> WHAT THE TASK ASKS
Find the lines in the records that carry the word "thumbnail". Copy each one.

> Brief descriptive captions
((
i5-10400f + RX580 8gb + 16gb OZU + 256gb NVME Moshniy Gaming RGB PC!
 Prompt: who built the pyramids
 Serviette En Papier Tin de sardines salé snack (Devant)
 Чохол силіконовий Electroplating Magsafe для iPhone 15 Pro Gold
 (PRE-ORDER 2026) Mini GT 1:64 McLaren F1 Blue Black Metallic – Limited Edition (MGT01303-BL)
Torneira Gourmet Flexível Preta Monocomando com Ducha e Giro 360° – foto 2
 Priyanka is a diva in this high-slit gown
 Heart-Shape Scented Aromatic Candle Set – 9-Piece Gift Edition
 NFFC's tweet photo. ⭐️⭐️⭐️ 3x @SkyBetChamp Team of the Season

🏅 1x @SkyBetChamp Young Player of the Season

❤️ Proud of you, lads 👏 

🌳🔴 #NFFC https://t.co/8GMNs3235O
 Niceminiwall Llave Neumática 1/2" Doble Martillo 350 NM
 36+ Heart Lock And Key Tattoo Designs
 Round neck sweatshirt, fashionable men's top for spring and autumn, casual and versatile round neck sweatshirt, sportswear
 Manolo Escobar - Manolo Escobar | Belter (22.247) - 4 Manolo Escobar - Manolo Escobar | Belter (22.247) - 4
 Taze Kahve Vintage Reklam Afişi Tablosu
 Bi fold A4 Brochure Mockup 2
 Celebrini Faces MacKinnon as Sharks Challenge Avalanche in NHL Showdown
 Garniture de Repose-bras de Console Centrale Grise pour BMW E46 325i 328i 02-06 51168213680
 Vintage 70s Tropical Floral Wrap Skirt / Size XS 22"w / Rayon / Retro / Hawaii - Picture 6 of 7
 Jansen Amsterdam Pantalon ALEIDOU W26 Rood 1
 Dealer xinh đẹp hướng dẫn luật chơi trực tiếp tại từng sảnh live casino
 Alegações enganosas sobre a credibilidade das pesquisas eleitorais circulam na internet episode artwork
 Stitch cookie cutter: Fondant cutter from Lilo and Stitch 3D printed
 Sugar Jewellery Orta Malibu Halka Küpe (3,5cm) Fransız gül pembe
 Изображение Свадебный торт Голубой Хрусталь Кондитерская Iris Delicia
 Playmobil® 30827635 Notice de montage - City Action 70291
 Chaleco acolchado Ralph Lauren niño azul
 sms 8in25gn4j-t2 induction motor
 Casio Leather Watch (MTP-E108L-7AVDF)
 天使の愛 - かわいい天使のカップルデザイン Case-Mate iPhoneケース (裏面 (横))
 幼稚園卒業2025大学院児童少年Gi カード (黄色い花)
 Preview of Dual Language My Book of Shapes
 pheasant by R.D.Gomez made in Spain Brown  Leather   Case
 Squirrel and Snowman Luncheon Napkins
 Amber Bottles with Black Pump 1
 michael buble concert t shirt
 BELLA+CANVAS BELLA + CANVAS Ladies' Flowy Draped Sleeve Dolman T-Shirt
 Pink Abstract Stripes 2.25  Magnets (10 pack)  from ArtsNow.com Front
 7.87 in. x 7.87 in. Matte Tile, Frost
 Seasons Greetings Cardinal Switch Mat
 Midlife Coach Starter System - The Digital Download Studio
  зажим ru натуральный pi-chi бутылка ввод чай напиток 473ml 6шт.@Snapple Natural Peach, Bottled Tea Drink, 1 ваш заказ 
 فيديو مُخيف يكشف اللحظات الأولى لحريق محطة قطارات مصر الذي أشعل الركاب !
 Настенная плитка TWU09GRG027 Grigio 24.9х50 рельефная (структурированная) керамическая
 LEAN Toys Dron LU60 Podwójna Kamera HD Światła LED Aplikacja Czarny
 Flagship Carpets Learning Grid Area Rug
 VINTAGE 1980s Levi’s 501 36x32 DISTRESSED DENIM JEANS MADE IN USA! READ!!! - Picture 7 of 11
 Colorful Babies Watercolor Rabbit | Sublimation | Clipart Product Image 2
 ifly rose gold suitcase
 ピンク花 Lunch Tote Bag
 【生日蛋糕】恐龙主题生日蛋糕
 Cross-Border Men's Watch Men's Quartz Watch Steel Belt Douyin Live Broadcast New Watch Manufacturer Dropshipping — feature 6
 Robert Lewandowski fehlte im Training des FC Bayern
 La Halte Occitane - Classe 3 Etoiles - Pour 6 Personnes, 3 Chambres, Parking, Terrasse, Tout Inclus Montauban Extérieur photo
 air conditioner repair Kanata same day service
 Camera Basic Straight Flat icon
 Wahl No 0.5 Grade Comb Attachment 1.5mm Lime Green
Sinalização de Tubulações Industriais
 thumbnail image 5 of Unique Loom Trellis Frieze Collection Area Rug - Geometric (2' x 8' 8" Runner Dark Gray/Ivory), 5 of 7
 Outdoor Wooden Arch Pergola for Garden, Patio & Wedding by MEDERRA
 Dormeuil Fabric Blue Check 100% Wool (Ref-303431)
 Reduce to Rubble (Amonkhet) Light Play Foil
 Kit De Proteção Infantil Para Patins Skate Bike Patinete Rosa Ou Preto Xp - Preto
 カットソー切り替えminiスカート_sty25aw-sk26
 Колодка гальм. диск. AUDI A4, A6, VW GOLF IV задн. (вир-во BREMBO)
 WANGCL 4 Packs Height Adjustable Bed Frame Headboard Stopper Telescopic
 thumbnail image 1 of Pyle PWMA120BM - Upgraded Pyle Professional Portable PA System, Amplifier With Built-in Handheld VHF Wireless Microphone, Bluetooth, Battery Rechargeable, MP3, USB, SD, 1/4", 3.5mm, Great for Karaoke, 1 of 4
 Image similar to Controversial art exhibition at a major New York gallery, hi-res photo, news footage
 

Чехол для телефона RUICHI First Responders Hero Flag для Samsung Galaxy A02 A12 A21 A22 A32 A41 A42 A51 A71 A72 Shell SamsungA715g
))
> ANSWER SECTION
 thumbnail image 5 of Unique Loom Trellis Frieze Collection Area Rug - Geometric (2' x 8' 8" Runner Dark Gray/Ivory), 5 of 7
 thumbnail image 1 of Pyle PWMA120BM - Upgraded Pyle Professional Portable PA System, Amplifier With Built-in Handheld VHF Wireless Microphone, Bluetooth, Battery Rechargeable, MP3, USB, SD, 1/4", 3.5mm, Great for Karaoke, 1 of 4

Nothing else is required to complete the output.